During all of the pain and suffering I felt over the past 7 year I never went so far as to feel contempt.  There were times I wanted to ACT better, but that is not to be confused to thinking I AM better.  I could get angry and sad but never saw my husband as anything but an equal who is very sick and made a big mistake.

Reclaiming my safety

When my husbands years of indiscretions and lies came to surface, my trust in him, in life, in marriage, even in myself was obliterated.

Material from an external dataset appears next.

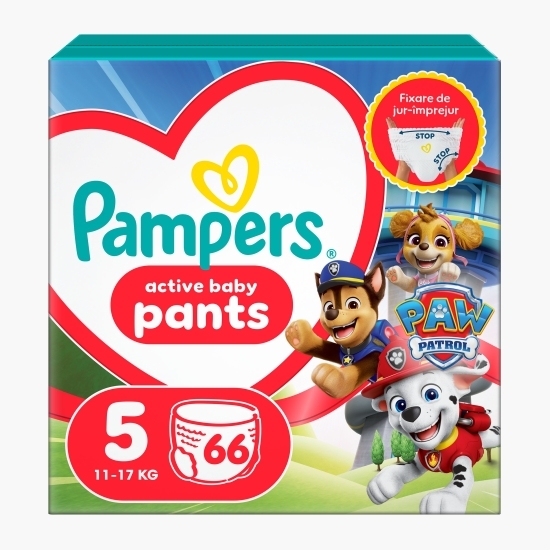 Scutece chiloțel Active Baby Pants Patrula Cățelușilor, mărimea 5, 11-17 kg, 66 buc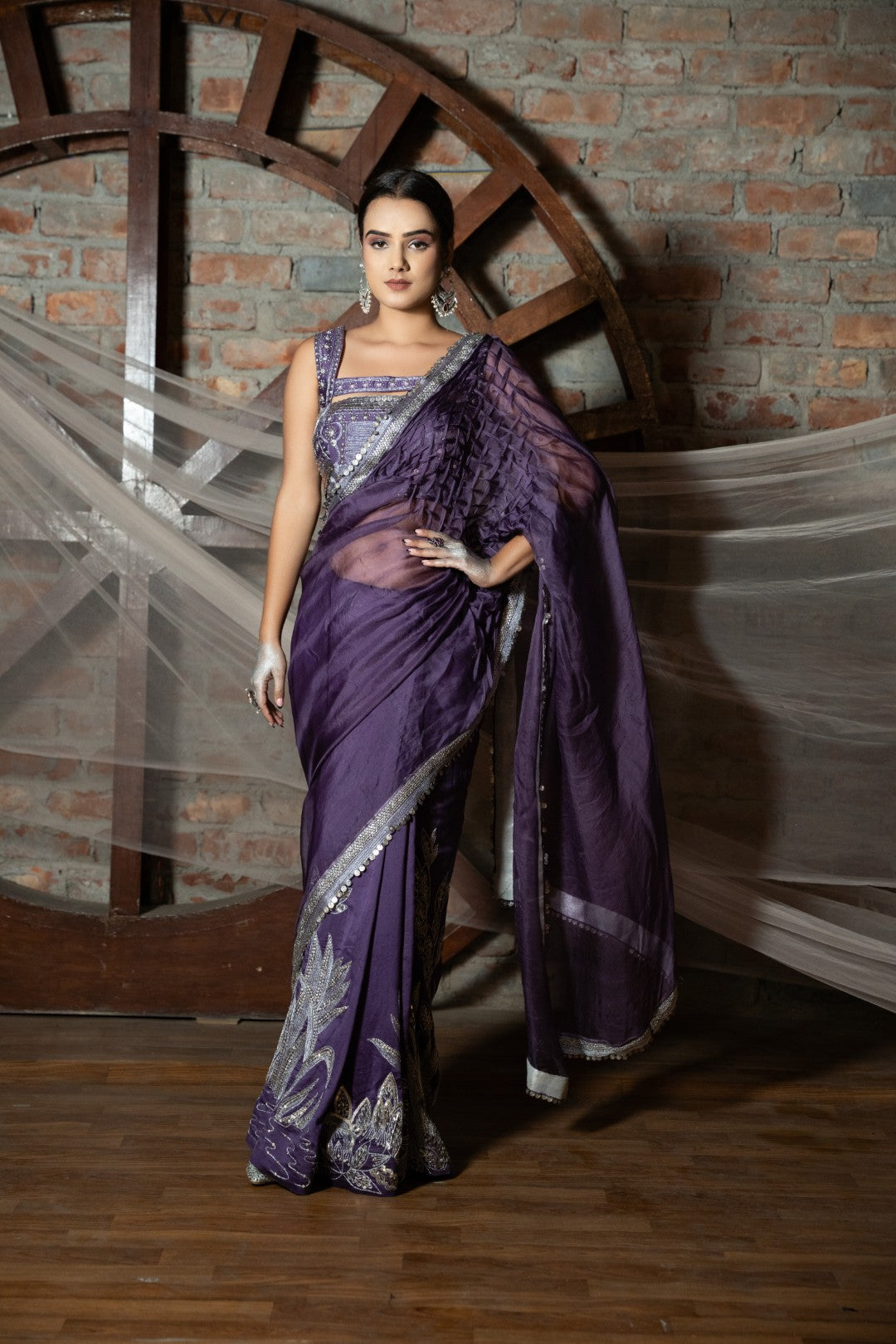 Purple royal garden saree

If you read my blog you will know that I chose to stay married to my husband after the discovery, and our relationship has been surprisingly good – dare I say rewarding – over the past year.  We have both done loads of therapeutic work and have made huge strides in overcoming the obstacles that got us to this place to begin with.  But I would be lying if I didn’t say that rebuilding trust is happening at a staggeringly slow pace.  In fact, the more time goes on, the more that I may be digressing in this area of my recovery.

I have a fear that the more sobriety days my husband has under his belt, the closer we are getting to experiencing a slip.  Addicts can get comfortable in their routine and can get lazy in their diligence to their program work.  They can get overconfident about the risks they can handle.  How often has an alcoholic who hasn’t had a drink in a year thought it was ok to go play pool at a bar…not intending to drink…thinking he can handle the temptation…only to end up in the gutter.  All humans love to fool themselves…but add an addict gene in the mix and look out.

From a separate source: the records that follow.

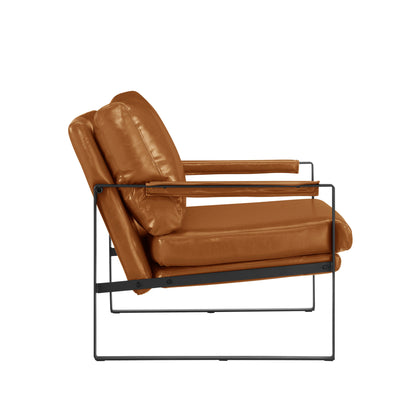 Chaise en similicuir marron et accoudoirs noirs de 27 po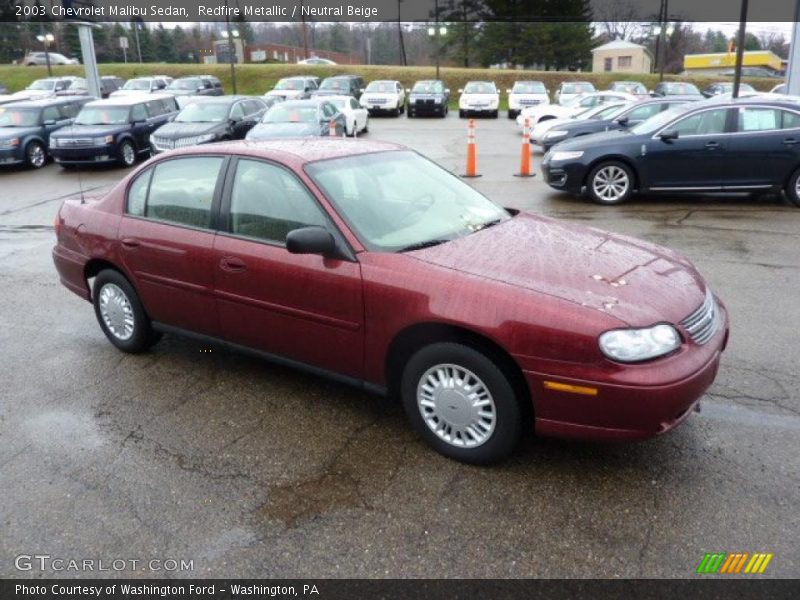 Redfire Metallic / Neutral Beige 2003 Chevrolet Malibu Sedan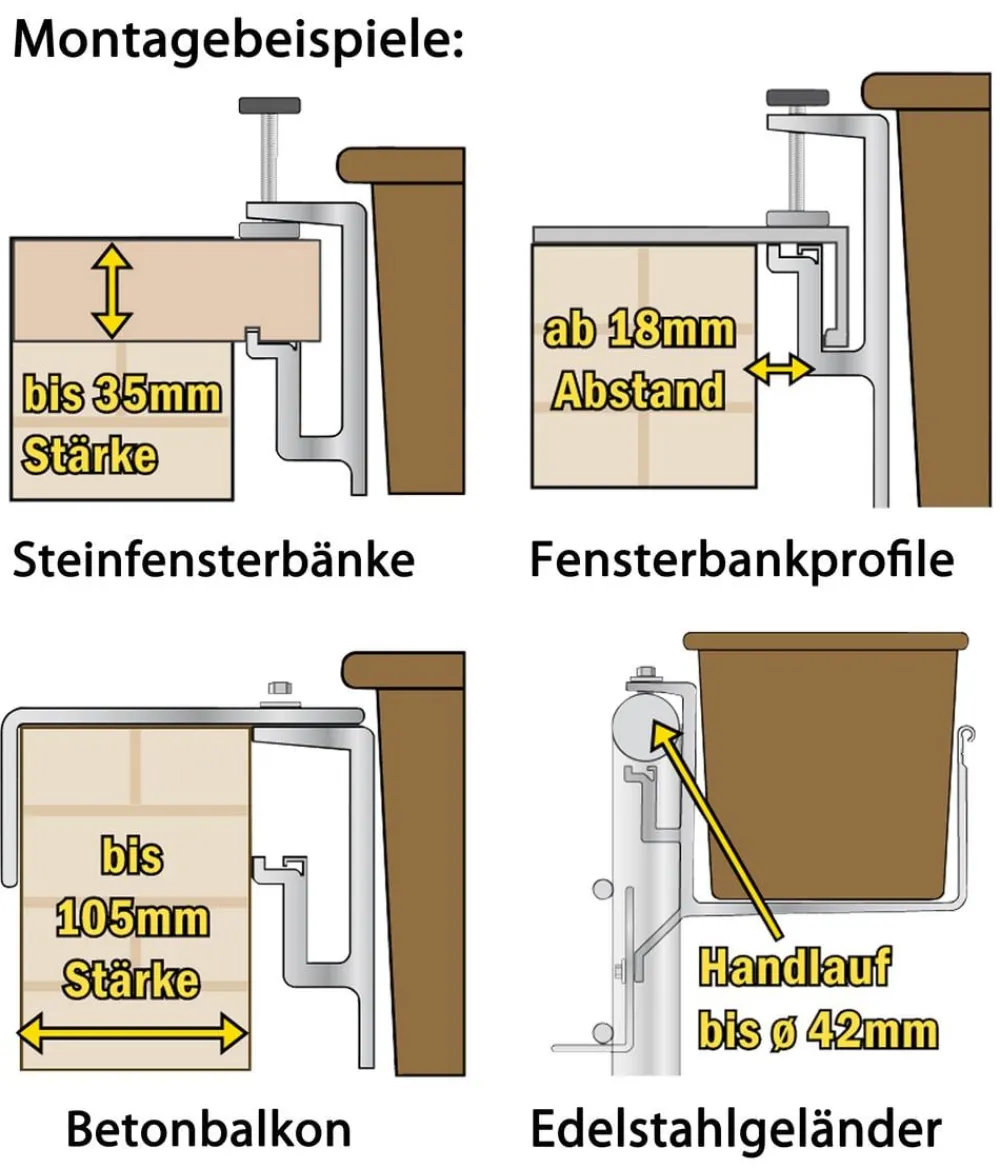 Dehner Mehr Blumentopfzubehör > Universal-Blumenkastenhalter, Aluminium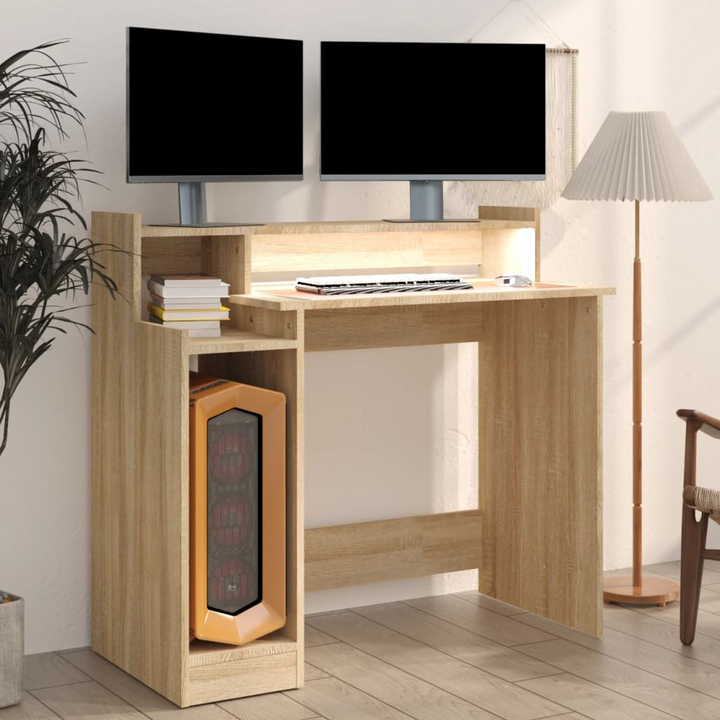 Modern Sonoma Oak Work Desk with LED Lights - 97 x 45 x 90cm | Versatile Computer & Writing Desk - Premium  from Home Treasures - Just £66.99! Shop now at Home Treasures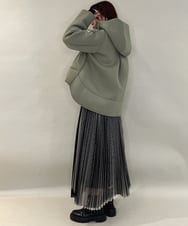 ZMHJB09118 al'aise modulation(アレーズモジュレーション) 配色チュールレイヤードスカート アイボリー×ブラック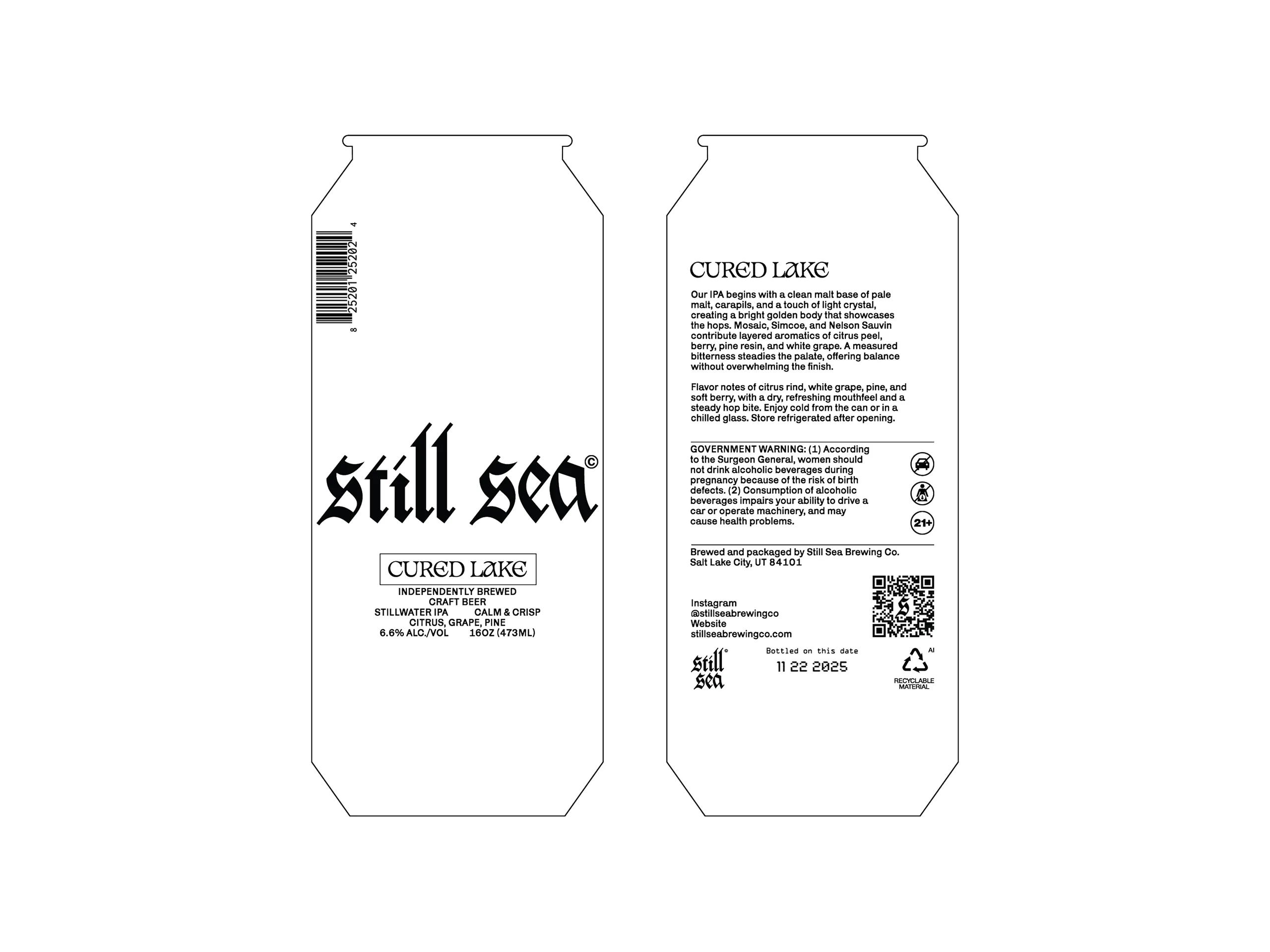 Cured Lake Dieline Can Design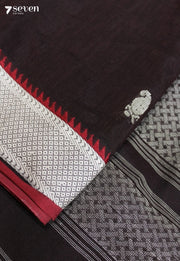 Vanmika Signature Seven Handloom Brown Bangalore Pure Cotton Saree - Seven Sarees - Saree - Seven Sarees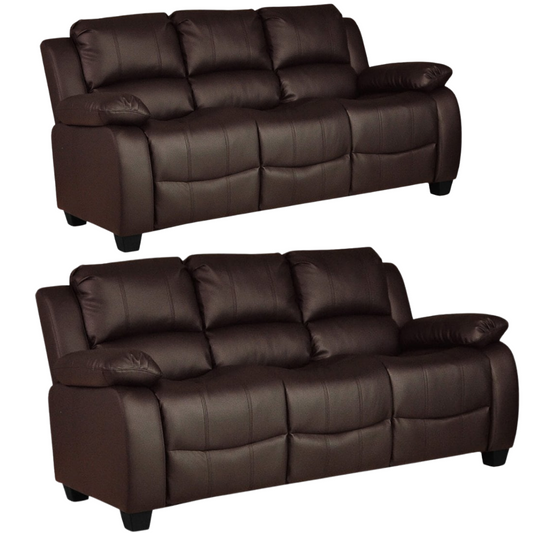 Valerie Brown Leather Modern 3+3 Seater Sofa Set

I have made a list of boundaries that my husband is happy to respect.  These boundaries are in place to try to make me feel safe and eventually should lead to trusting him again.  However, when I have to implement one of them I feel a multitude of unwelcome emotions.  Take for instance checking his whereabouts on GPS.  Here are the feelings I go through when I push the “find my iPhone” button:

– before pushing the locate button I am triggered and feeling FEAR

– as I push it I feel ANXIOUS about the results I may get (is he really at a lunch meeting…or at a strip club?)

– when the GPS shows he is where he should be I feel ANGRY that I am in a relationship where this kind of behavior is necessary

– then I move onto judging myself as WEAK that I decided to stay with a man who hurt me do deeply

– when I have to tell my husband that I looked at his whereabouts I feel SHAME that I don’t trust him

– It all culminates with a deep sense of RESENTMENT & HUMILIATION

I have not always shared with my husband when I go through this cycle of emotion.  Usually when I look at the GPS (sometimes 10 times a day, sometimes once a week) he is in a safe place and I block the experience from my mind.  But I will start sharing with him when I feel the need to check up on him.  Together we can explore the triggers and emotions that are set forth.  It is his behavior that forced me to put these safety measures in place, so he should be a part of and bear witness to the sad and unfortunate cycle of my experience.

I realize that consistency over time should start to lift some of my fears and hopefully someway, someday I will begin to trust, at least a little bit, once again.